Bevor ich mich mit der Stellungnahme des Ministeriums auseinander setze, erlauben Sie mir an dieser Stelle, allen Lehrerinnen und Lehrern, also meinen Kolleginnen und Kollegen an der pädagogischen Front, die an so genannten Brennpunkt-Hauptschulen unterrichten und betreuen, aber auch an allen anderen Hauptschulen, meinen aufrichtigen Dank und eine gehörige Portion Respekt für ihr Wirken auszusprechen.

(Beifall bei der SPD)

Sie sind es, die sich unter teilweise schwierigsten Bedingungen für die ihnen anvertrauten Kinder einsetzen und die sich trotz immerwährender Frustrationen und trotz Kränkungen durch die Gesellschaft immer wieder aufrappeln, um den guten Anlagen, die in jedem Menschen schlummern, zum Erfolg zu verhelfen.

(Abg. Röhm CDU: Welche Gesellschaft kränkt sie?)

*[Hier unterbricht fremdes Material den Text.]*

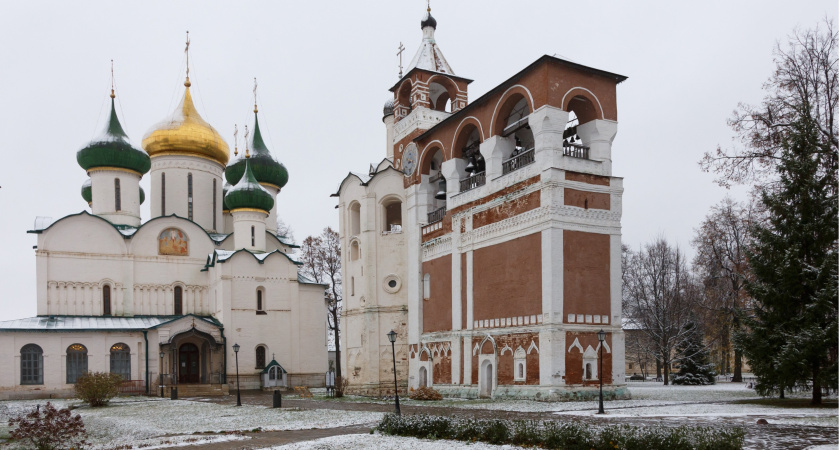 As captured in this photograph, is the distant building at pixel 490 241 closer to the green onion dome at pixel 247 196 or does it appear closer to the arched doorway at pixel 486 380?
the arched doorway at pixel 486 380

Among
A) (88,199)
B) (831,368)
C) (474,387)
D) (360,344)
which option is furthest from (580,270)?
(88,199)

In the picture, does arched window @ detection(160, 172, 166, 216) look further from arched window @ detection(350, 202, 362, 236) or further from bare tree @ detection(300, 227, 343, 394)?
arched window @ detection(350, 202, 362, 236)

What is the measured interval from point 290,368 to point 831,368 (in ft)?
86.5

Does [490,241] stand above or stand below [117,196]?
below

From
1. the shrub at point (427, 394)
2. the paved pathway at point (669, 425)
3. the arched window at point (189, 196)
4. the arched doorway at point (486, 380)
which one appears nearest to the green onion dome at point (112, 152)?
the arched window at point (189, 196)

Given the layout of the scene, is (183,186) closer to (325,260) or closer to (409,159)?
(325,260)

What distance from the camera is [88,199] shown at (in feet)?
155

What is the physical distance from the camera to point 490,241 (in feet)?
83.7

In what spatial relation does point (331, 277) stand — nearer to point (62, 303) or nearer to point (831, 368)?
point (62, 303)

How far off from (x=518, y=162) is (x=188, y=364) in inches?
781

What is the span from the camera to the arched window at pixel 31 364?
1242 inches

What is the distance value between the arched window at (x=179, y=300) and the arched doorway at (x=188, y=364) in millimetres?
2437

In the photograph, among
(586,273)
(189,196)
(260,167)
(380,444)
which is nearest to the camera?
(380,444)

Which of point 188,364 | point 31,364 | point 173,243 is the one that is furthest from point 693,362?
point 31,364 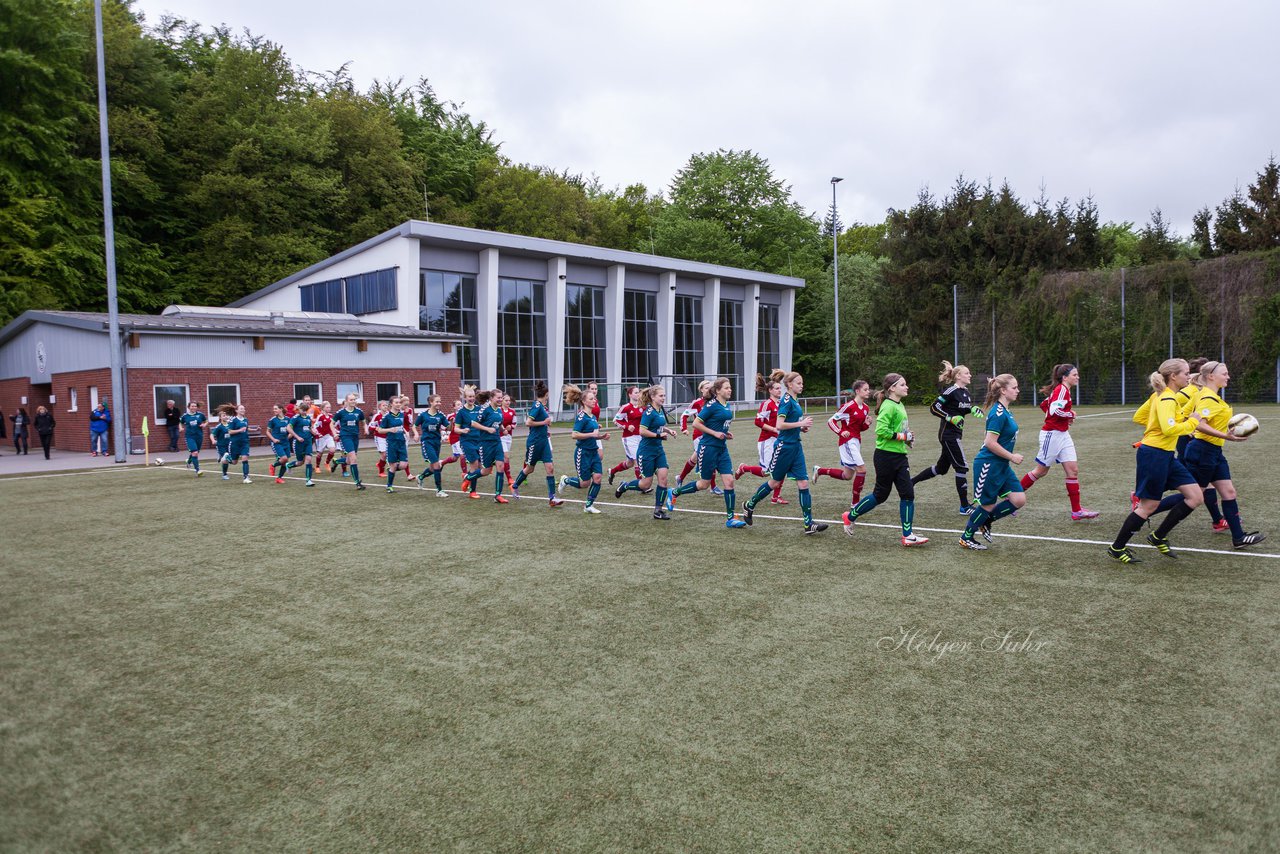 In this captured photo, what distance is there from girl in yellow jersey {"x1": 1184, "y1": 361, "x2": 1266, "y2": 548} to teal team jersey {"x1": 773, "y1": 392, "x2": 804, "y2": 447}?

Auf das Gehalt und die Ferien angesprochen, halten sich hartnäckig Vorurteile. Auf den Vorschlag, doch einmal zu tauschen, möchte aber besonders dann niemand eingehen, wenn man erzählt, dass man an einer Hauptschule unterrichtet. Deswegen gilt es diejenigen zu würdigen, die ihre aufopferungsvolle Aufgabe nicht als Job, sondern als Berufung begreifen. Ich gehe davon aus, dass Sie mir hier nicht widersprechen, auch nicht vonseiten der Regierungskoalition. Eigentlich dürften Sie dafür allesamt ruhig einmal Beifall klatschen.

(Beifall bei der SPD und den Grünen sowie Abge- ordneten der CDU und der FDP/DVP)

Um von vornherein der einfachen Ausrede zu begegnen, wenn nur die Opposition die Hauptschule nicht schlechtreden würde, gäbe es die Ablehnung in der Gesellschaft nicht – nach einer Untersuchung schicken nur noch 6 % der Eltern ihre Kinder freiwillig und bewusst in die Hauptschule –, möchte ich Ihnen nachfolgend Fakten auflisten, die Sie nicht länger ignorieren können und die Sie dringend dazu veranlassen müssten, auch über Strukturveränderungen nachzudenken oder wenigstens offen nachdenken zu lassen, wenn Sie es selbst nicht können.